- WHAT YOU NEED TO DO:
Leave out the pictures, and copy exactly the lines from the line with "Pin Zak Naaimachine" through the last line of the data below.

- SOURCE DATA:
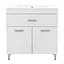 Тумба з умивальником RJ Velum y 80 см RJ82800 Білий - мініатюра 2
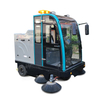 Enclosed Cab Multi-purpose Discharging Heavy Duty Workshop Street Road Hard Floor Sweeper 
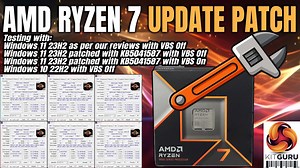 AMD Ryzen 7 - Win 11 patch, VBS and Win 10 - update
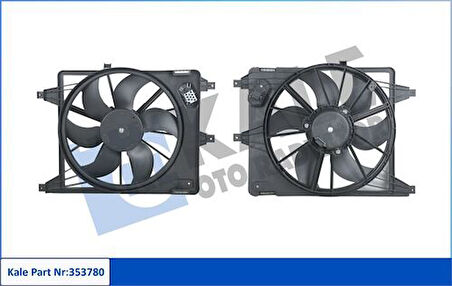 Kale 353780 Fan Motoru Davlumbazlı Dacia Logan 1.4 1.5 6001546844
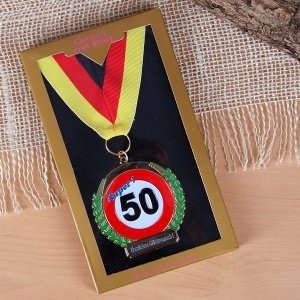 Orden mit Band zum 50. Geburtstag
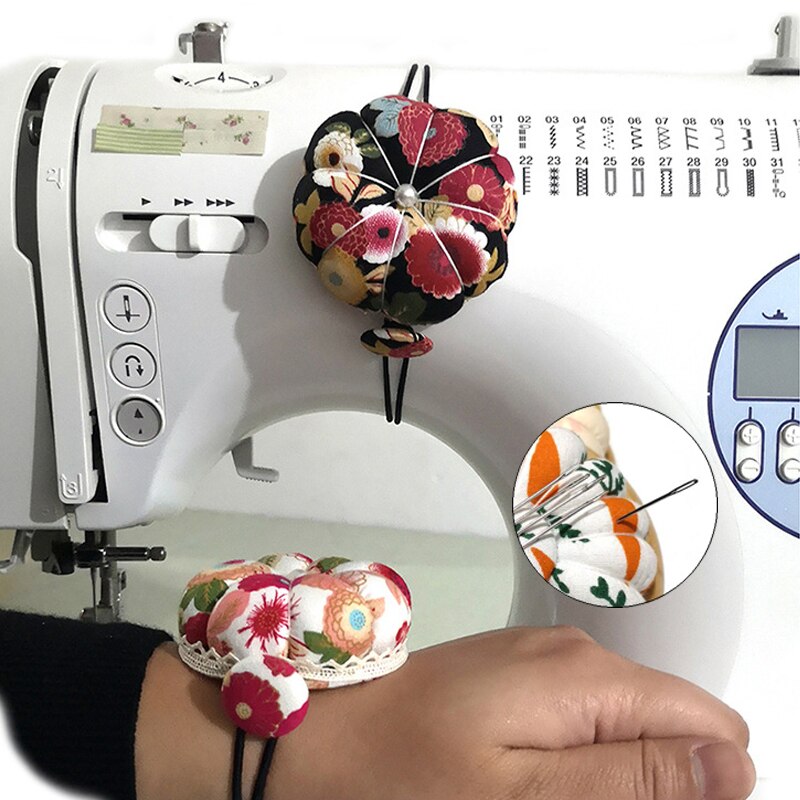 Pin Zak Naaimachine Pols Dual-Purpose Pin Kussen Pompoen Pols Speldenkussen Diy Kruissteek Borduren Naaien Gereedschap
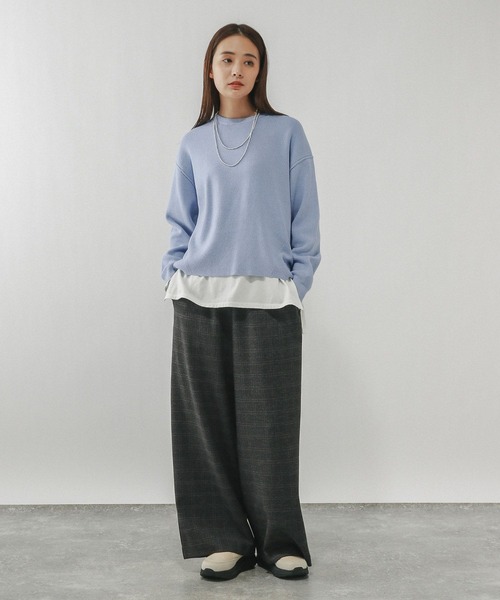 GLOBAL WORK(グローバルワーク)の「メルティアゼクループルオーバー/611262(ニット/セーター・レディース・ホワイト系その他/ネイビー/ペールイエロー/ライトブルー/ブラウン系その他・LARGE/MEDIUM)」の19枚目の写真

- RESPONSE FOR THIS EXERCISE:
 Pin Zak Naaimachine Pols Dual-Purpose Pin Kussen Pompoen Pols Speldenkussen Diy Kruissteek Borduren Naaien Gereedschap
 GLOBAL WORK(グローバルワーク)の「メルティアゼクループルオーバー/611262(ニット/セーター・レディース・ホワイト系その他/ネイビー/ペールイエロー/ライトブルー/ブラウン系その他・LARGE/MEDIUM)」の19枚目の写真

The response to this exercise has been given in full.